That was until 2014 and the start of the Downtown Resource Officer program.

The DRO program began two years ago and is funded by the City of Bloomington through a $100,000 grant from Housing and Neighborhood Development in Bloomington. Alwine is one of six resource officers, or white shirts, who patrol Bloomington and work with the homeless to provide assistance.

Seminary Park quickly emptied of people Tuesday afternoon once Alwine arrived. Alwine said it can be difficult to develop relationships with the homeless.

Two homeless park residents, Craig Raymond and Taffany Ducharme, did stay behind. Alwine said it was a miracle they stayed.

“Initially nobody would talk to the police,” Alwine said.

Alwine arrived at Seminary Park in response to a call about a possible resident there stealing a United States flag the night before. Alwine said based on video footage, it looked like Raymond might have been the one to steal the flag. Following this evaluation, Alwine walked up to him and spoke about it once everyone else was gone.

Raymond, a Navy veteran on the USS Kennedy and graduate of University of California, Santa Cruz, quickly admitted to taking the flag. He said he was drunk and just saw a flag hanging low enough to take at United Country Realty on South Walnut Street by the park.

“I just thought I needed a flag,” Raymond said.

Alwine spoke quietly to Raymond, who was cradling his guitar, and found out the flag had been given to someone at the Shalom Community Center and Raymond had stashed the flag pole in the dumpster behind the homeless 
shelter.

Raymond said as he was talking to Alwine about the flag, he was praying for an officer to confirm his story about what he did with it.

“I’m praying,” Raymond said. “Praying I don’t go to jail.”

Raymond and Alwine then took a trip in a police car down to Shalom where they recovered the flag pole and shook hands, and Raymond, guitar in hand, departed through the back gate into Shalom.
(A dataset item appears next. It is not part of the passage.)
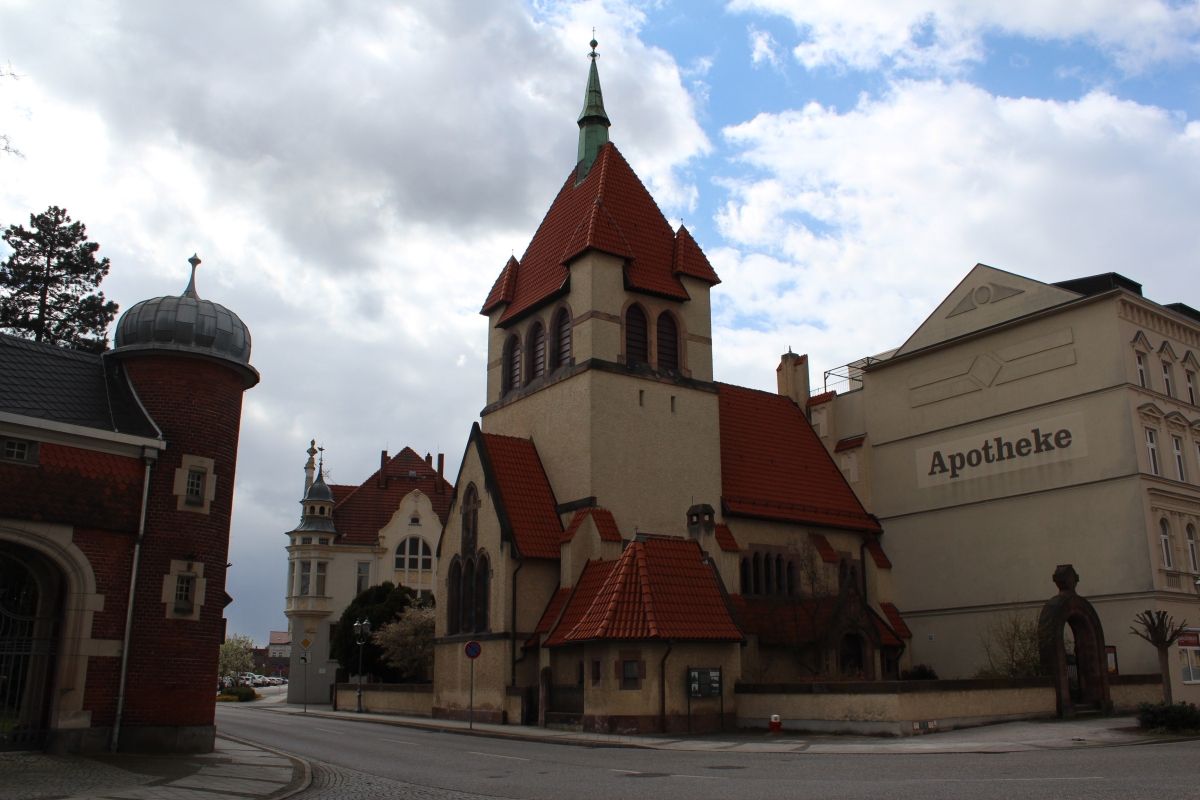 (1) Altlutherische Kirche des Guten Hirten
Alwine said he tries to focus on building a good rapport, so, when situations like this happen, police officers and citizens can help each other.

“If you have a good rapport, they’ll listen to you,” Alwine said.

Taffany Ducharme, the other homeless woman who stayed behind with Alwine, was waiting for an interview at the Bloomington Sandwich Company.

She said she had sent her friend Corie James to Kroger to get a few things for her, but she stayed in the park to watch her stuff and to talk to people.

“You’d think poor people wouldn’t steal from other poor people,” Ducharme said.

Ducharme has a number of past cases for criminal trespassing and resisting law enforcement in Indiana, but she said she is trying to turn her life around. It is hard living on the street, she said.

“Everyone you know has bad habits,” Ducharme said. “It’s like I’m in the land of the lost.”

Alwine said Raymond and Ducharme both have come a long way in trusting him.

“We’re breaking down some of those walls,” Alwine said.

While Raymond worked willingly with Alwine and trusted him enough to ride along with him, he said he did not trust or like the police as a whole.

The next day after talking with Alwine, Raymond was almost arrested outside Peoples Park twice.

He said afterward he thought the police were terrified of him.

“I’ll shoot the shit with them as individuals, but I’ve got no love of the police,” Raymond said.